The two men committed no crime, but they were obviously suspicious because they were “brown” and speaking a foreign language; a language that is not, in fact, native to Russia or Chechnya. They were later convicted in the court of public opinion for DWI- Distressing White Idiots.
The anti-Muslim backlash stemming from this tragedy is the kind of hate that would make George Wallace proud. The overt and depraved nature of this racism has politicians using Twitter; calling publicly for torture and human rights deprivation for the teenaged bombing suspect.
New York State Senator Greg Ball (R) tweeted “So, scumbag #2 in custody. Who wouldn’t use torture on this punk to save more lives?”#TheWorldAccordingToDickCheney Doubtful that fellow Republican Senator John McCain would use torture on this “punk,” Senator Ball.

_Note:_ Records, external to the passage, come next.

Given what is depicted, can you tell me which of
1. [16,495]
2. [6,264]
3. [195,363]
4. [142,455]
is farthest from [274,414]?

Representative Louie Gohmert (R) of Texas quickly linked the Boston bombings to gun control, saying: “Let me ask you, if you’re sitting in your home and you know there are only two possibilities for people coming to your door; one is law enforcement and the other is somebody who has already killed Americans and continues to do so, how many rounds do you want to be limited to in your magazine as you sit in your chair and wait?”
As long as law enforcement can kick down doors and execute warrantless searches under the guise of homeland security, the number of rounds per magazine shouldn’t worry the public as much as a suspension of their civil rights. #PATRIOTACT!
Despite the creation of the Department of Homeland Security and anti-terror legislation like the Patriot Act, the threat of terrorism uniquely looms large over the American psyche. Fear bred from ignorance prevails, and it seems to be gaining momentum with every new threat.
Would the American people support more stringent anti-terror legislation even if it allows the government to operate outside the Constitution? I’d like to say people wouldn’t support it, but if the rash of racist and xenophobic sentiment that permeated American social media after the Boston bombings is any indication, it wouldn’t surprise me if they did. #theskyisfalling
I guess American ignorance isn’t all bad. As long as Republicans and Tea Partier’s don’t figure out Chechnya is in Russia, I won’t have to suffer profiling by the TSA because of my last name. So at least I’ve got that to look forward to.